Chrysler Group LLC's turnaround plan will take 24 months to show some real results, the chief executive officer has said.

"My experience is that it can't be done in less than 24 months," Sergio Marchionne, the head of Chrysler and Fiat, who noted that it took him about two years to turn the Italian carmaker around.

"We'll try and do it faster. But by the end of 2011 and in early 2012, you should be able to tell how our plan is working."

The American carmaker's transformation will hinge on its strategic alliance with Fiat, Marchionne told AFP as he announced plans to build a fuel-efficient engine developed by Fiat in one of Chrysler's Michigan plants.

Those 1.4 litre engines will be exported to a Chrysler plant in Mexico for use in the North American version of the Fiat 500, Marchionne told reporters.

That Chrysler plant can build 100,000 units annually but it could be expanded to build more 500s if the demand is adequate, Marchionne said.

Half the production of the Toluca, Mexico plant will be shipped to Latin America - primarily Brazil [where the 500 is already on sale] - and the other half will be sold in the United States and Canada, he added.

"This is one more important step forward that demonstrates our intent to deliver on the promise of the Fiat-Chrysler strategic alliance and the substance of the road map we laid out in November," Marchionne said.

Chrysler is paying only for re-tooling the plant. The research and development costs were covered completely by Fiat, which introduced a European version of the engine earlier this year, he said.

Marchionne also explained that while Chrysler intends to repay its debt to the US government by 2014, it will not be repaying all the money it received.

The US$4bn debt Chrysler owed to the US Treasury before filing for bankruptcy protection at the end of April was extinguished during the proceedings, he said.

That money was used by Chrysler's previous owner, Ceberus Capital Management, to keep the company alive after auto sales collapsed last year.
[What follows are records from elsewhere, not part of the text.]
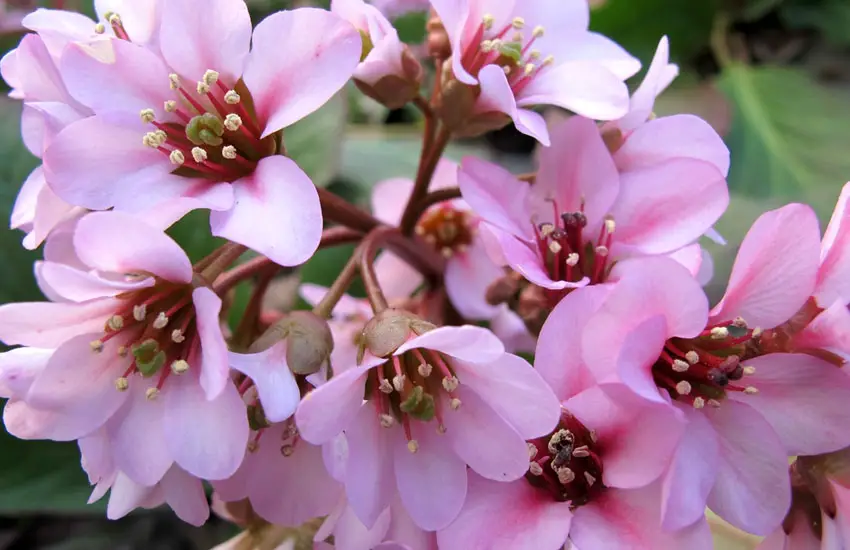 bergenia-plant-care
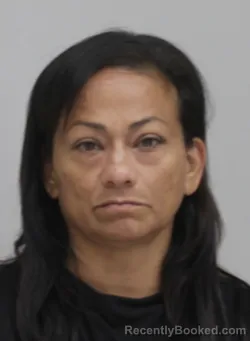 Mugshot of Nancy Ramirezsanchez booked in Dallas County, Texas on August 29, 2026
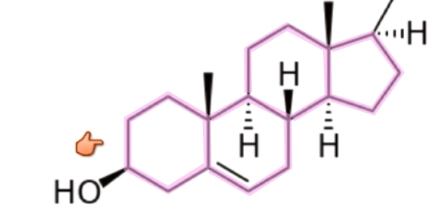 <p>3 six carbon rings and 1 five carbon ring</p><p>Used in membranes, bile salts</p><p>Precursor to vitamin D and steroids</p>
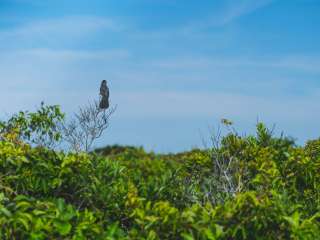 Watch Hill Family Campground — Fire Island National Seashore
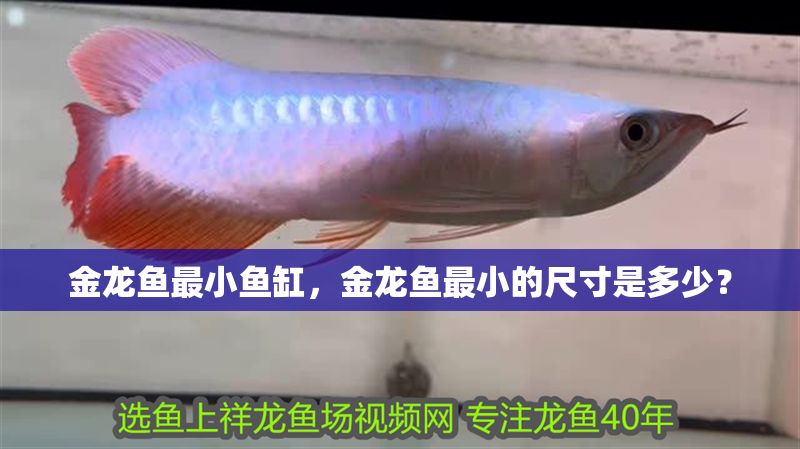 金龍魚最小魚缸，金龍魚最小的尺寸是多少？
The new Chrysler emerged from bankruptcy protection with a $7bn debt to the US Treasury, which Marchionne said will be fully repaid.

Marchionne also indicated he would eventually be looking for someone else to head the US automaker.

"I'm not going to work 24/7 forever," he told AFP.

Marchionne said the Chrysler board certainly would consider promoting from within but said he had not ruled out going outside the company or the industry.

"I think we have a terrific leadership team," he said.